ARTIFICIAL MUSCLE: This scanning electron micrograph shows a carbon nanotube sheet being drawn from a cluster of nanotubes (also referred to as a nanotube forest). An artificial muscle made from a sheet of these carbon nanotubes can operate at extreme low temperatures that would cause other artificial muscle systems to freeze and at very high temperatures that would cause other muscle systems to decompose. Image: © MEI ZHANG
Researchers for decades have been developing polymers and other materials they hope to someday use to create artificial muscles that, when given an electrical charge, mimic the real thing more cheaply and effectively than the hydraulic systems and electric motors used today. A group of scientists at the University of Texas at Dallas' Alan G. MacDiarmid NanoTech Institute reports in Science today that they have demonstrated a fundamentally new type of artificial muscle, consisting almost exclusively of carbon nanotubes, which can operate at extreme low temperatures that would cause other artificial muscles systems to freeze and at very high temperatures that would cause other muscle systems to decompose.

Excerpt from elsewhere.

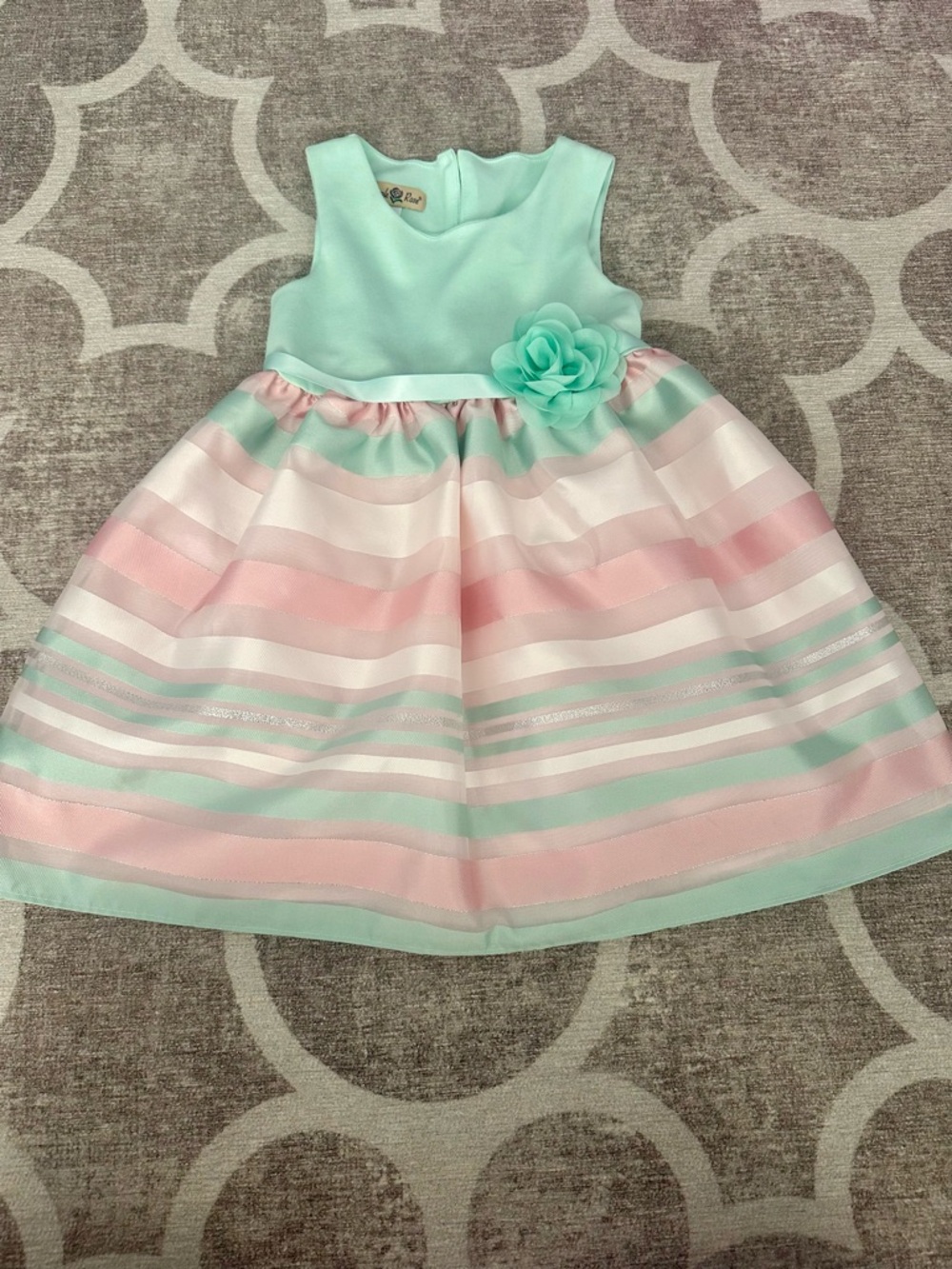 Mint & Pink Striped Flower-Sash Girls Formal Dress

Study co-author and institute director Ray Baughman, a chemistry professor, says such a lightweight, low-density artificial muscle able to endure temperatures between liquid nitrogen (-321 degrees Fahrenheight, or -196 degrees Celsius) and the melting point of iron (2,800 degrees F, or 1,538 degrees C) could be used to move joints, arms and other components of structures for space, aerospace, and planetary exploration, where a hostile environment prohibits use of any other type of actuating material.
Although artificial muscles generally operate on the same principal as animal muscles, the carbon nanotube artificial muscle is not likely to be used in prosthetic limbs or to replace tissue. "The high voltages used for actuation eliminate the possibility of tissue replacement," Baughman says, adding that prosthetic limbs do not need the rapid response rate or ability to endure extreme temperatures that the new material possesses. Other types of artificial muscles, particularly those that transform the chemical energy of fuels into mechanical energy are better suited for prosthetics, he adds.
The new artificial muscle is actually a transparent "aerogel" sheet (so called because most of the volume in the sheet is either air or vacuum). The aerogel consists of aligned carbon nanotubes that run through the material: The sheet's "specific strength" (strength divided by density) exceeds that of the strongest steel plate when an attempt is made to stretch it in the same direction that the nanotubes are aligned, Baughman says. However, the material does stretch more easily when pulled in a lateral direction. "This material has these properties whether or not it is charged," he adds.
"The main goal of Ray's group is to look at different materials, see if they can get motion and force out of them, and then see how far they can push them," says John Madden, an associate professor of electrical and computer engineering at the University of British Columbia in Vancouver.